Net neutrality repeal overturned by Senate vote
Image credit: REUTERS/ Kyle Grillot
Yesterday, Senators voted to reinstate Obama-era net neutrality regulations with a slim majority, requiring three Republicans to join their Democrat rivals.
In December 2017, the Federal Communications Commission (FCC) voted three to two to roll back regulations enshrining the principle of net neutrality – that all traffic should be treated equally – into law. These regulations, which came into force in 2015, forbid internet services providers (ISPs) from speeding up, slowing down or blocking content.
Following the repeal of these regulations, ISPs are still subject to the Federal Trade Commission’s authority and must disclose how they treat web content, although once the regulations are lifted in June there will be no legal requirement to treat content equally.
There have been previous instances of ISPs attempting to deprioritise or entirely block content produced by their competitors, such as in 2012 when AT&T announced that it would disable the FaceTime app on its customers iPhones unless they upgraded to a more expensive plan. Supporters of the federal regulations are concerned that the FCC’s deregulation will result in net neutrality being neglected by profit-driven ISPs.
The vote was forced using a Congressional Review Act, which allows agency decisions to be overturned with majority votes in the Senate and House and presidential approval. Since Donald Trump was inaugurated as President in January 2017, he has worked with the Republican-held Congress to repeal 14 resolutions originally introduced under the Obama administration using the Act; before Trump, the Act has been used just once.
In order for this bill to be passed, three Republican Senators joined the Democrats to form a slim 52-47 majority. Supporters of the bill argue that telecommunications companies cannot be prevented from discriminating against competitors’ content, or boosting their own.
During a press conference following the vote, Democratic Senator Ed Markey, who introduced the bill, said: “A key question for anyone on the campaign trail in 2018 will now be: “Do you support net neutrality?””

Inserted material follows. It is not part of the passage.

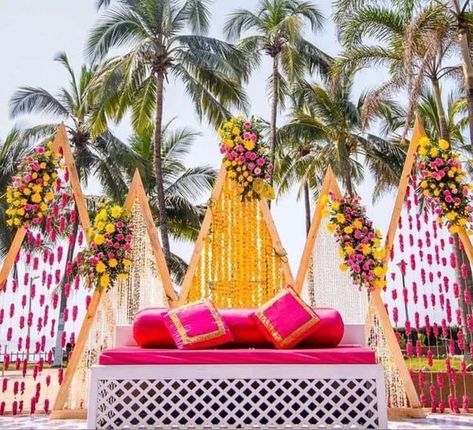 Haldi Backdrops, Bride Backdrop, Mandap Backdrop, Haldi Stage, Haldi Backdrop, Haldi Bride, Haldi Decoration Ideas, Asian Wedding Decor, Indian Wedding Decorations Receptions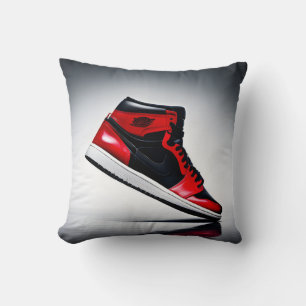 Verhoog uw stijl: rood en zwart high-top kussen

Markey argued that the movement to protect neutrality was made up of people from “every walk of American life”, while its opponents side with “powerful special interests and corporate donors who are thriving under this administration”.
Although net neutrality supporters will be cheered by the Senate vote, the bill is unlikely to pass through the strongly Republican-held House of Representatives. Some Republicans have come out as supporters of net neutrality, but the majority consider the Obama administration’s rules to have been an instance of overbearing government regulation. Even if sufficient numbers of Republican Representatives are willing to support the bill, it is highly improbable that Trump would be willing to give final approval for reinstating Obama’s net neutrality regulations.
Meanwhile, FCC chairman Ajit Pai, who has spearheaded the net neutrality repeal since being appointed to the position by Trump in January 2017, dismissed criticism of the FCC’s decision as “scare tactics”.
“It’s disappointing that Senate Democrats forced this resolution through by a narrow margin,” Pai said in a statement. “But ultimately, I’m confident that their effort to reinstate heavy-handed government regulation of the internet will fail.”
Following the FCC’s decision to roll back federal net neutrality regulations, more than two dozen state governments have started the process of introducing their own legislation to protect net neutrality.